The Relationship Between the Risk of Alcohol Abuse and Anaerobic Power

by Erica Post
Exercise Science
Faculty advisor: Abigail Tibbetts

Studies have shown that college athletes consume more alcohol than their counterparts. Previous research has examined the effects of alcohol on aerobic exercises. This study will evaluate the relationship between the participants’ risk of alcohol abuse and anaerobic power. O’Brien and Lyons (2000) found alcohol consumption had a detrimental effect on aerobic performance, but anaerobic performance did not change. Type II muscle fibers are used in anaerobic exercises; the study done by Shireffs and Maughan (2006) showed that Type II fibers were not affected by alcohol levels in the body. Another study done by Pecha, Sweere, Conlon, Peterson, and Heldstab (2007) concluded alcohol consumption did not affect performance in the 40 yard dash and vertical jump in collegiate females. Each participant took an online survey created by Curtis (2009) titled Alcohol Abuse Risk.
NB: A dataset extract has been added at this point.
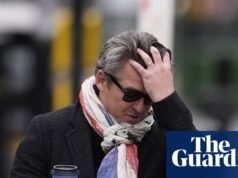 Joey Barton se enfrenta a un nuevo juicio en 2026 por acusaciones de difamación | Joey Bartón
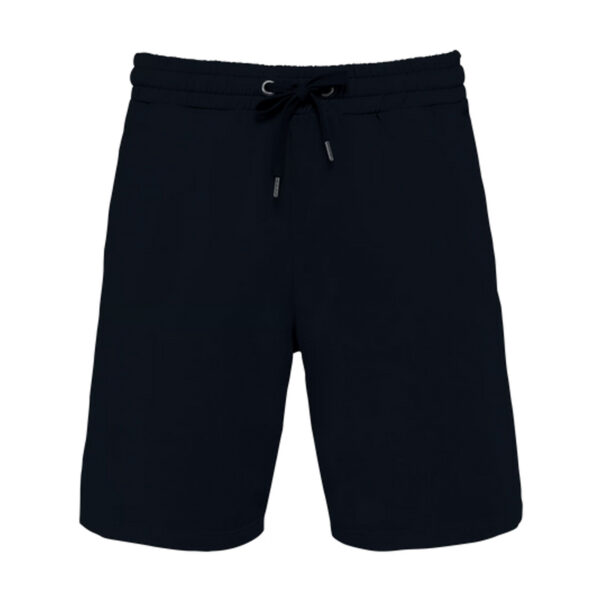 Short écoresponsable French Terry homme – Image 2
Alcohol abuse was assessed through ten questions receiving a low, medium, high, or dependence risk level, scored 1-4, respectively. Next, participants completed several anaerobic exercises: vertical jump, standing broad jump, 30 yard dash, and shuttle run. A correlation coefficient was calculated for each exercise and alcohol risk score. The correlation for the standing broad jump was r = 0.13; vertical jump r = 0.07; 30 yard dash r = 0.08; shuttle run r = 0.09. These results show that there is no relationship between an athlete’s performance in anaerobic power exercises and their risk for alcohol abuse. The results agree with a number of previous studies that concluded anaerobic performance is not affected by alcohol consumption.